In September the ACM announced that sporting goods retail chain Decathlon and clothing retail chain H&M had ‘made commitments to [ACM] promising to adjust or no longer use sustainability claims on their clothes and/or websites’, as well as to inform consumers more clearly to minimise the risk of misleading practices. An ACM investigation led to the brands’ commitments and to their donations of €400,000 and €500,000 respectively to different sustainable causes ‘to compensate for their use of unclear and insufficiently substantiated sustainability claims’. Consequently, ACM won’t be imposing sanctions.
H&M acknowledges that ‘the information on sustainability on our website could have been provided more clearly and [been] more comprehensive. Changes are being made through which we commit to better informing our customers about the composition of our products and thus improving our sustainability communications.’ The company highlighted that the ACM’s concerns weren’t about providing false information.
Decathlon did not respond to Global Insight’s request for comment.
In October the ACM announced commitments from energy suppliers Vattenfall and Greenchoice ‘promising to adjust or no longer use sustainability claims on their websites’. The two organisations also committed to informing consumers more clearly to minimise the risk of misleading practices and made donations of €950,000 and €450,000 respectively to sustainable causes as compensation for ‘their use of unclear and insufficiently substantiated sustainability claims’. Because these commitments were also made following an ACM investigation, the regulator didn’t impose sanctions. Vattenfall and Greenchoice did not respond to Global Insight’s requests for comment.
Cecilia Parker Aranha, Director of Consumer Protection at the UK Competition and Markets Authority (CMA), says a regulatory focus on greenwashing is ‘something that we see […] internationally’. She says the CMA is leading the International Consumer Protection Enforcement Network’s (ICPEN) work on greenwashing. The ICPEN represents consumer protection authorities from 70 countries. Its focus on greenwashing demonstrates the issue is ‘a real priority [with] lots of different regulators bringing out new guidance [and] taking enforcement action’.

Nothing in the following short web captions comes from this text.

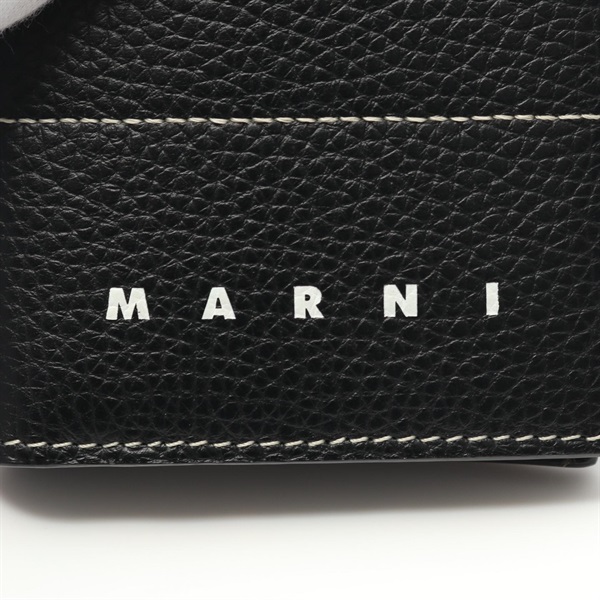 PUNI☆MOFU　A.O品 K.ZR-7｜バイクの点火システム、パワーコイルの開発・販売 [ AS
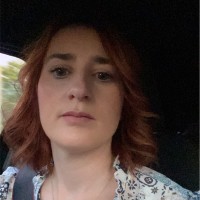 Jennifer Levillain
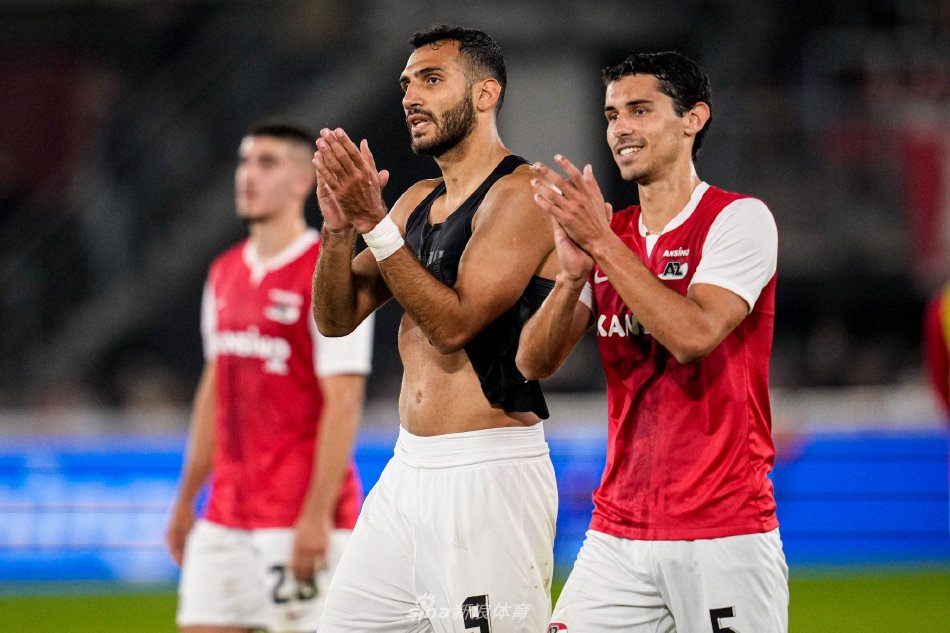 后防线改造 后防线改造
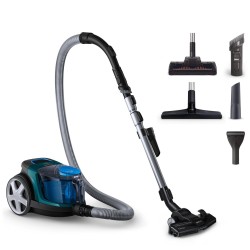 VACUUM CLEANER/FC9334/09 PHILIPS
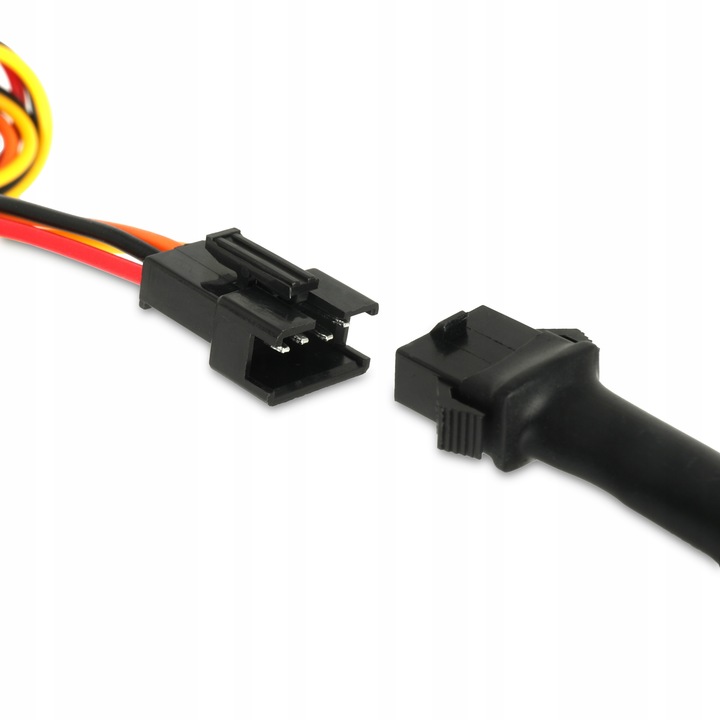 LOKALIZATOR GPS BEZ ABONAMENTU APLIKACJA ŚLEDZENIE POJAZDU ODCIĘCIE ZAPŁONU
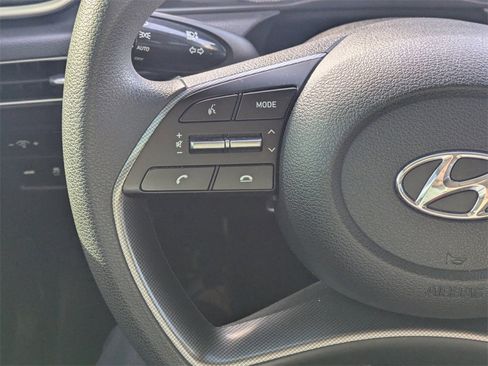 Used 2021 Hyundai Sonata SE image 14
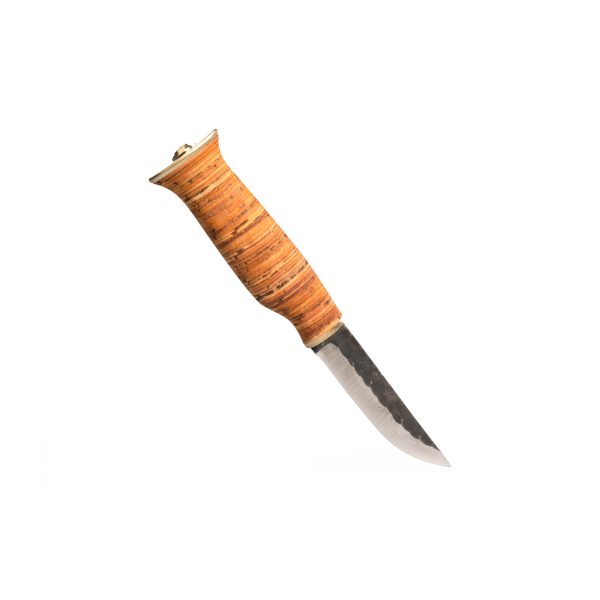 Kniv Näver - Bild 2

The rules related to responsible disclosure of sustainability information are part of a great transition of our economy based on awareness of […] the impact of goods and services
Former Co-Chair, IBA Environment, Health and Safety Law Committee
Michael Showalter, a partner at ArentFox Schiff, says that US regulators have been more focused on greenwashing related to securities, compared to product-related greenwashing. He explains there’s ‘concerted regulatory focus from the US Securities and Exchange Commission and other financial regulators happening at least at a nascent level, while product-related greenwashing issues are not advancing at the same speed – at least federally’.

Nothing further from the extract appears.